I'm glad you and so many others are "just" writers!

9:56 AM  
Blogger Rebekah said...

So thankful you are 'just' a writer and so very, very thankful for the passions and gifts that God gives so that we may be blessed and encouraged by one another.

11:53 AM  
Anonymous Anonymous said...

So I don't have to feel guilty for spending time writing...it's not just a frivolous thing but part of who I am?

Thank you for sharing this. I'm going to check out Strickland and be even more inspired, I'm sure.

12:41 PM  
Blogger Ted M. Gossard said...

very good thoughts here, L.L.

yes- a valid point. We learn to do what we're gifted in. And in so doing we (can) participate in the very love and life of God in and for this world.

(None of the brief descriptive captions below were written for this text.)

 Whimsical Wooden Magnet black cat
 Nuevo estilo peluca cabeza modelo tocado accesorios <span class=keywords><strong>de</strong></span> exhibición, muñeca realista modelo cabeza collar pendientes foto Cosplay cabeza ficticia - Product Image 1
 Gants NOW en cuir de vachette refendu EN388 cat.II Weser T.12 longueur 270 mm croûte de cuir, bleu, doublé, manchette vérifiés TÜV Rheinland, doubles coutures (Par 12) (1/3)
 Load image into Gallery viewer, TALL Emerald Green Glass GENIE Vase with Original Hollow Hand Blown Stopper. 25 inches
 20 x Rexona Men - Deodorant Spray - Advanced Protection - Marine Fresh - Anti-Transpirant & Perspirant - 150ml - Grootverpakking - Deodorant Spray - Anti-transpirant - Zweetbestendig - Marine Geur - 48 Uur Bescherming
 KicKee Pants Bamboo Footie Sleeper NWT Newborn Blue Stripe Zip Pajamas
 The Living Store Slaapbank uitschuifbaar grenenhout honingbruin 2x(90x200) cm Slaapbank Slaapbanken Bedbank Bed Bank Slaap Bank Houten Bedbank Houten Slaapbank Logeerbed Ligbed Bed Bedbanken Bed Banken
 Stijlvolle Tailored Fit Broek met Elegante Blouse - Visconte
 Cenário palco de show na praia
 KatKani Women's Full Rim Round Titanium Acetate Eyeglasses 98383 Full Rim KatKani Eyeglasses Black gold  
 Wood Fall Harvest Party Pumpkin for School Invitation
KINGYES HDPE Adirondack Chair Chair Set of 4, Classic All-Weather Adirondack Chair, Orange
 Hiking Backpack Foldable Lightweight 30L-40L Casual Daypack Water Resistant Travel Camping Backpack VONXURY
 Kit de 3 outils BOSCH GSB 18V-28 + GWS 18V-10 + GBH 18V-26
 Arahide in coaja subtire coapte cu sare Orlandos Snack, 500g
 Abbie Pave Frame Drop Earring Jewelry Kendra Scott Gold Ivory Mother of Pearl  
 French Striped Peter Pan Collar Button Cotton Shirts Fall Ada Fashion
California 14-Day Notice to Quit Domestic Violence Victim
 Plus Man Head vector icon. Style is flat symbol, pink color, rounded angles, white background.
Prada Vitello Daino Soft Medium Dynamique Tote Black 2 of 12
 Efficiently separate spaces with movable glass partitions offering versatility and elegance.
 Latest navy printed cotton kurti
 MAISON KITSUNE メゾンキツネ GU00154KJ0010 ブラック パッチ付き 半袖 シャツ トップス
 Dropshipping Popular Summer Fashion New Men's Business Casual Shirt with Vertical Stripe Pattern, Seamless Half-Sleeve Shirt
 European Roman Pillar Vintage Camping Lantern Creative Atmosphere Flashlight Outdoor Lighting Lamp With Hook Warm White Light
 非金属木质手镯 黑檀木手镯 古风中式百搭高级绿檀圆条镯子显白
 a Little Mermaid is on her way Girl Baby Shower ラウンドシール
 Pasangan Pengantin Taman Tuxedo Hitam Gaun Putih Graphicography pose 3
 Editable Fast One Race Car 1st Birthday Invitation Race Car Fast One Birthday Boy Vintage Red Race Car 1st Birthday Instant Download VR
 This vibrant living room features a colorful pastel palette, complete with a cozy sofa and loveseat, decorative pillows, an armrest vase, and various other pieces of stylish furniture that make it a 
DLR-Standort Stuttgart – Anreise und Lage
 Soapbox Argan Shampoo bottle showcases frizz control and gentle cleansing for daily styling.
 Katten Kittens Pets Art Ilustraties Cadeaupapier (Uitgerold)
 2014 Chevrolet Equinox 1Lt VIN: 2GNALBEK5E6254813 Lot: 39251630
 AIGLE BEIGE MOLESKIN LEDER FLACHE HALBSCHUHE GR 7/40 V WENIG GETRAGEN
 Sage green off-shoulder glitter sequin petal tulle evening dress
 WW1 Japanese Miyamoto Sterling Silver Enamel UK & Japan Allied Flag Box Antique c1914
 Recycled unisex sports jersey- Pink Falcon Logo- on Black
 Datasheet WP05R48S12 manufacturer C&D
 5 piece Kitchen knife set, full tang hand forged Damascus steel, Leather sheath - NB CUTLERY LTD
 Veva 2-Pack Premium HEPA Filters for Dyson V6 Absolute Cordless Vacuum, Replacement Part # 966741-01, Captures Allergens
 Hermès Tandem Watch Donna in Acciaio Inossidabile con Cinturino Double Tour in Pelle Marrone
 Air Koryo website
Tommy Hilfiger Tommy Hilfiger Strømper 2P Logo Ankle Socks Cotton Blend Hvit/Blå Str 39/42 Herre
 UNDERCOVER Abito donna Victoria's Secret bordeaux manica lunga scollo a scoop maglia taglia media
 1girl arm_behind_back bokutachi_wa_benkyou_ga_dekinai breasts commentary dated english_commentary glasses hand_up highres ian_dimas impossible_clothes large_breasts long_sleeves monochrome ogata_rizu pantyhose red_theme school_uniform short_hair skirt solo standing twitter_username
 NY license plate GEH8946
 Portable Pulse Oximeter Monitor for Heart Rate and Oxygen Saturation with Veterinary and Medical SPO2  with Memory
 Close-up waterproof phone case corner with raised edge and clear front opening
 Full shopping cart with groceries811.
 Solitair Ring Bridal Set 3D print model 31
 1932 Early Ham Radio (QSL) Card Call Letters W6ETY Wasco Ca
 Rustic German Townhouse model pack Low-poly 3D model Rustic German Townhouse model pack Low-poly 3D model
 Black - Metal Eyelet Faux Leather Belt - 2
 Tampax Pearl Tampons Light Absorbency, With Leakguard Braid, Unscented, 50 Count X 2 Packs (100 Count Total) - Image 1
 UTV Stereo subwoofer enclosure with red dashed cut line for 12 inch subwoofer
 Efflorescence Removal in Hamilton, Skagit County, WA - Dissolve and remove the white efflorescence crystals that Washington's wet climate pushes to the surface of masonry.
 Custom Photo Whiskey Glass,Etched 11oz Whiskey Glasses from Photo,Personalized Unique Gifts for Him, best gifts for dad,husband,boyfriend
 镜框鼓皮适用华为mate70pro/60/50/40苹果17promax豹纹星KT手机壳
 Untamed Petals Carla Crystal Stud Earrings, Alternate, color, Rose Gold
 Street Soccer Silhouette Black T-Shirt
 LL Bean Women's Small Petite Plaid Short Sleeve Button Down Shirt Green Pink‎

I wish I could write much more myself. I promise not to be so exhaustive (and probably exhausting) over your next book. But I look forward to it!

1:32 AM  
Anonymous Anonymous said...

L.L.
Outstanding! You have embraced your vocation and that has made your writing anything but "just writing." Thanks for this.

2:22 PM  
Anonymous Anonymous said...

'Just a writer', no...however,
A person making a difference by causing thinking out of the box, looking with new eyes, helping in the search for our selves...yes indeed...and so much more. Thank you.

11:00 PM  
Blogger Michelle Gregory said...

love the post. makes me think of a great quote i found:

"Don’t ask what the world needs. Ask what makes you come alive, and go do it. Because what the world needs is people who have come alive." ~ Howard Thurman

thinking i'll re-blog this, if i remember!

10:25 AM  
Blogger Michelle Gregory said...

oh, and yes, i'm just a writer, too.

10:25 AM  
Blogger elaine @ peace for the journey said...

I have come to the conclusion, and it's been a long time in coming, that to be all else ... to be cluttered with my many labels and preferences ... to the neglect of my need to "write", is to fall quite short of what I was meant to be.

Writing is life to me, and it is enough. At least today, and since today is all I've been given, then life is living pretty fine in my neck of the woods.

peace~elaine

4:38 PM  
Blogger Erin said...

Sometimes I think what's behind that "are you just a something-something?" question comes from another angle.
So many writers are not free to just write these days. They have to do their own marketing, lead writing how-to seminars, keep up with blogging (for marketing purposes, of course), report for the neighborhood newspaper, and speak publicly-articulately-passionately-expertly about whatever topic their most recent book covers; there's very little time left to just write.

I, for one, would like to be able to say, "Yes, I am just an artist," because it would mean that I'd found a way to release a lot of the other flotsam in my life. Fanciful thought on my part since I doubt life will ever get that simple. But it sure does help to hone my vision and talent when I can spend time going deep and broad in the thing I love.

I'm a mother, a teacher, a wife, a Christ-follower, an artist, a musician, a... a... a... Thankfully there is a blessed overlap in so many of those roles. But I can tell when I'm not able to be just any one of them wholly and completely, I'm doing halfway jobs with halfway passion and halfway vision all over the place. Blergh.